> _What to work on_: Only an exact copy of the lines from the one containing "솔낚시터의 아침 조황소식 입니다" through the last line of the material below belongs in the answer, with no pictures.
Segment Open
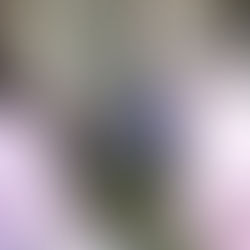 ３月の園芸活動③　めだかの学校、開校しました！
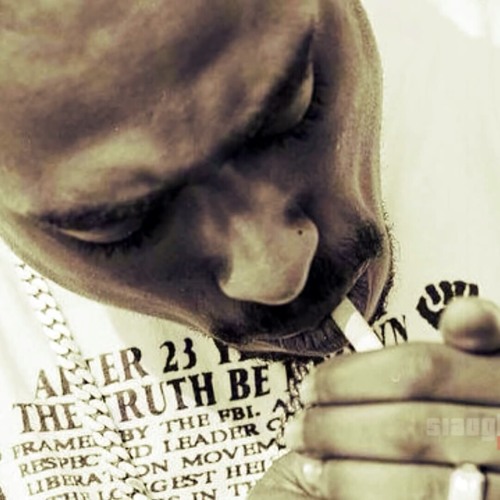 DJ Slaughter - 2pac Danger Zone 2015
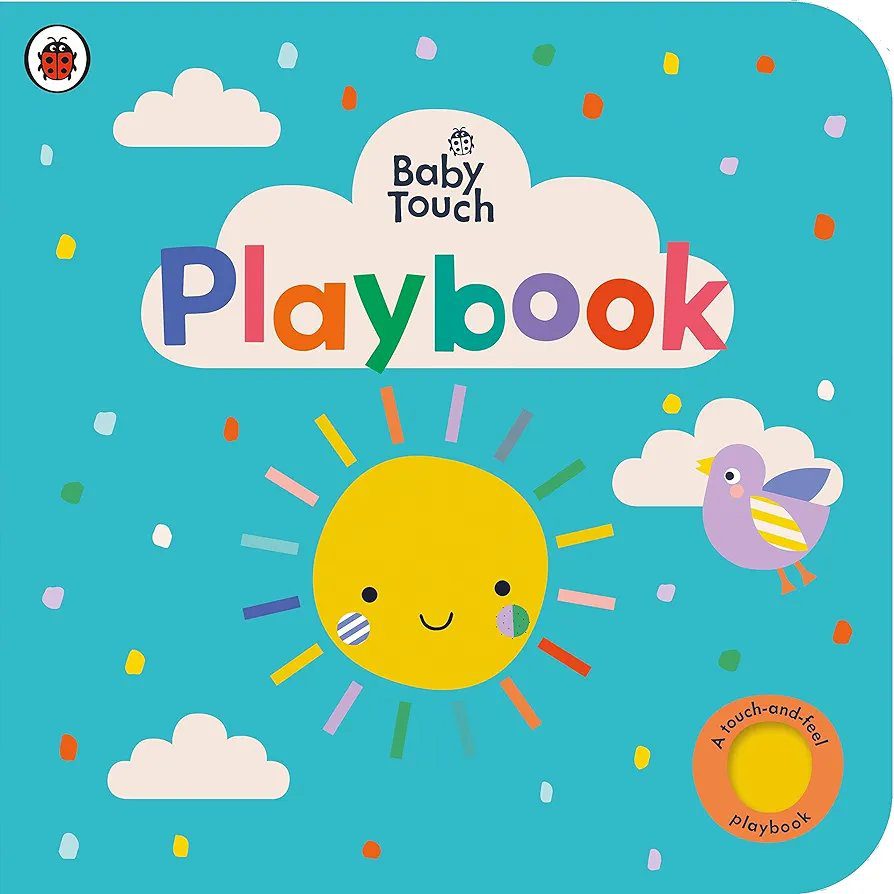 Baby Touch: Playbook( Ladybird)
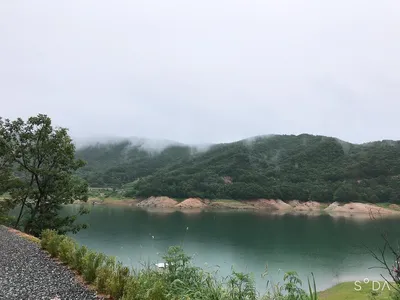 솔낚시터의 아침 조황소식 입니다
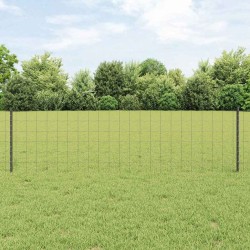 Clôture Euro avec 5 poteaux gris 0.6x10 m en acier 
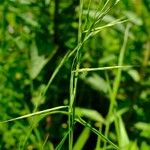 Brachypodium flexum Flor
Segment Closed
> _Written answer_:
 솔낚시터의 아침 조황소식 입니다
 Clôture Euro avec 5 poteaux gris 0.6x10 m en acier 
 Brachypodium flexum Flor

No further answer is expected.